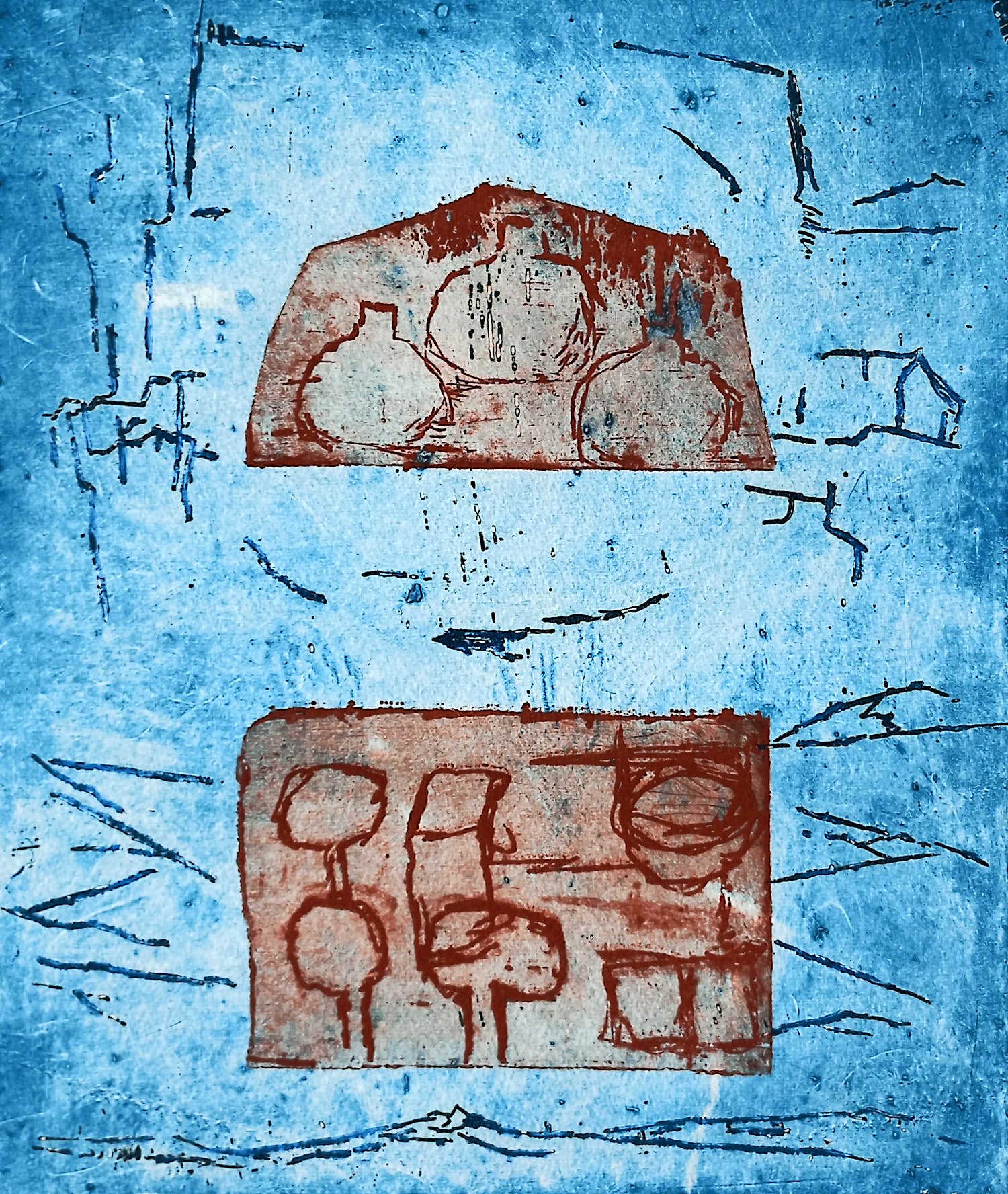 Jan Montyn - Peace, aquatint ets (kleine oplage) verkocht voor € 115!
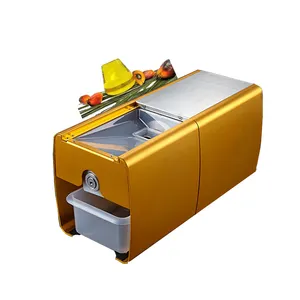 Kleine Haushalts goldene Farbe Sesam Hanf Samen Erdnussöl Extraktor Presser Maschine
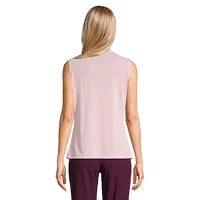 V-Neck Sleeveless Draped Top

------------------------------

» **WHAT YOU NEED TO DO**
Starting with the line that contains "Kleine Haushalts goldene", repeat each line exactly until the listing ends, including the last one. Leave pictures out.

» **OUTPUT**
 Kleine Haushalts goldene Farbe Sesam Hanf Samen Erdnussöl Extraktor Presser Maschine
 V-Neck Sleeveless Draped Top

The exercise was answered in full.